My husband and I both grew up in Catholic households. We attended church every Sunday and CCD classes until we were both confirmed. I can only speak for myself, but I was never truly a believer in Catholicism, the church, or God. That was only cemented when I went away to Saint Michael’s College, which happened to be a Catholic college, but it was not the reason I attended. Anyhow, one of the liberal arts studies core requirements was a Christianity course. The course was taught by a priest who was not supportive of my involvement on the alpine ski team (I had to miss some Friday classes for ski races), nor did he seem that supportive of the academic support I received for my learning difference. I recall one Monday class in which I stayed behind to ask him for the handouts I missed on Friday and he threw a bunch of papers at me, and spoke in a harsh tone at me (maybe even yelled, but it was nearly 16 years ago so I don’t exactly recall). Perhaps he was having a bad day, but I had never been in the company of a priest who acted in such a way. I say this because my parents were friendly outside of our church with a couple of the priests. They came over for dinner or came to visit us at the beach. When my grandmother died a month later, whomever my mother spoke to at SMC, asked if she would like a priest sent to my dorm room to console me. Thankfully my mother turned down the offer as she knew I was in current turmoil with one particular priest!

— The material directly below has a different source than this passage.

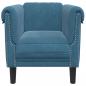 Preview: Sessel Blau Samt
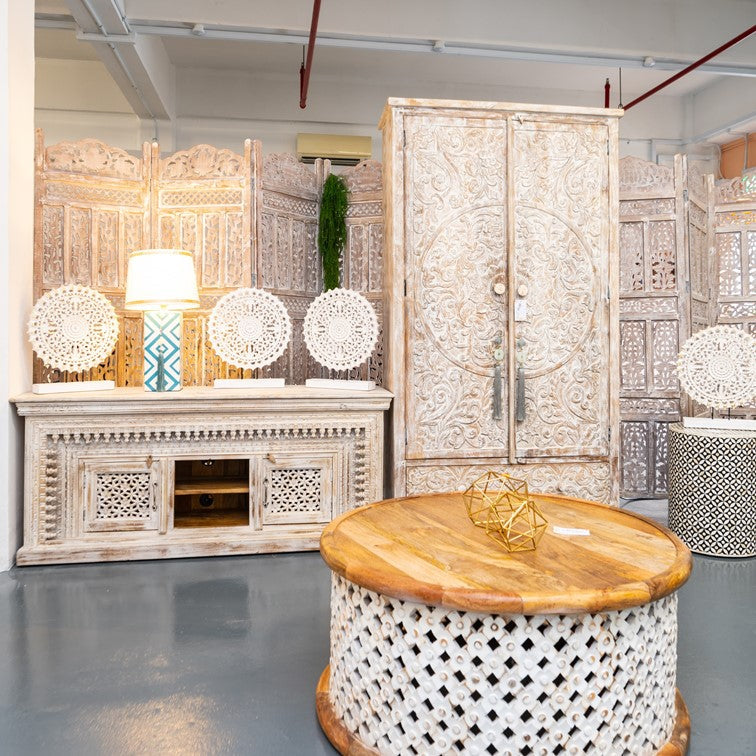 Stuart Bone Inlay Stool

Now I am not saying this is what turned me off of religion, but it certainly didn’t help!
When my husband and I became engaged we began attending a non-denominational community church to see if we liked the minister enough to marry us. We both knew we did not want a big Catholic wedding, and I was quite adamant about not getting married in the church at all. We took quite a liking to the minister of our community church and he was kind enough to marry us in our venue of choice — atop a mountain overlooking a lake.
My husband and I spoke early on about having children. We knew we would have them right away, as we did not want to be old parents. We also discussed not bestowing upon them a certain religion, and allowing them to choose any religion later on in life, if they so desired. Since I was not tied to Catholicism, or Christianity in general, I did not feel it was fair to just pick one and expect them to go along with it. Should our children choose to be agnostic, atheist, Buddhist, Jewish, Catholic, etc. I will fully support them and their choice.
Some people, namely religious people, want to know how does one raise good children without formal religion. I was once asked, “How will they know about the ten commandments? ” Uh. Well. Most of them are incorporated into my everyday values and morals. I do not kill. I do not cheat. I do not lie. I do not steal. I do my best to see the good in others and have faith that things will work out for the best. This is also how I am raising my children by setting an example of myself, but also by continually having conversations with them about what it means to be a good person.
We have a strong sense of family. Our children see my husband and I argue, and reconcile within the same conversation. We teach them to use their words, and express how they are feeling. Nothing is perfect and when things get tough we have each other to support and encourage. We have wonderful extended family that also are continually there for us. But not only this, we encourage our children to be free thinkers so that they can help themselves, and hopefully this will carry on through their adult years when we may no longer be able to help them.
We live the “Golden Rule”. Treating others the way you would want them to treat you, characterizes the way we raise our children. I use it as an example quite often to get my children to think about their comments or actions, even if it’s just a minor infraction.
Some of the morals and values we strive for in our household include:
Self awareness, respect, responsibility, confidence, independence, creative thinking, kindness, generosity, tolerance, compassion, and empathy. Not only are these values important towards other people, but also in regards to ourselves. We teach our children that not everyone is the same, and we should accept all differences even if we do not understand. I am confident that with all the knowledge we are bestowing upon our children they will have faith in themselves and humanity to do the right thing and figure out life on their own. I know I am raising good, moral children and I know other parents are too, with and without formal religion.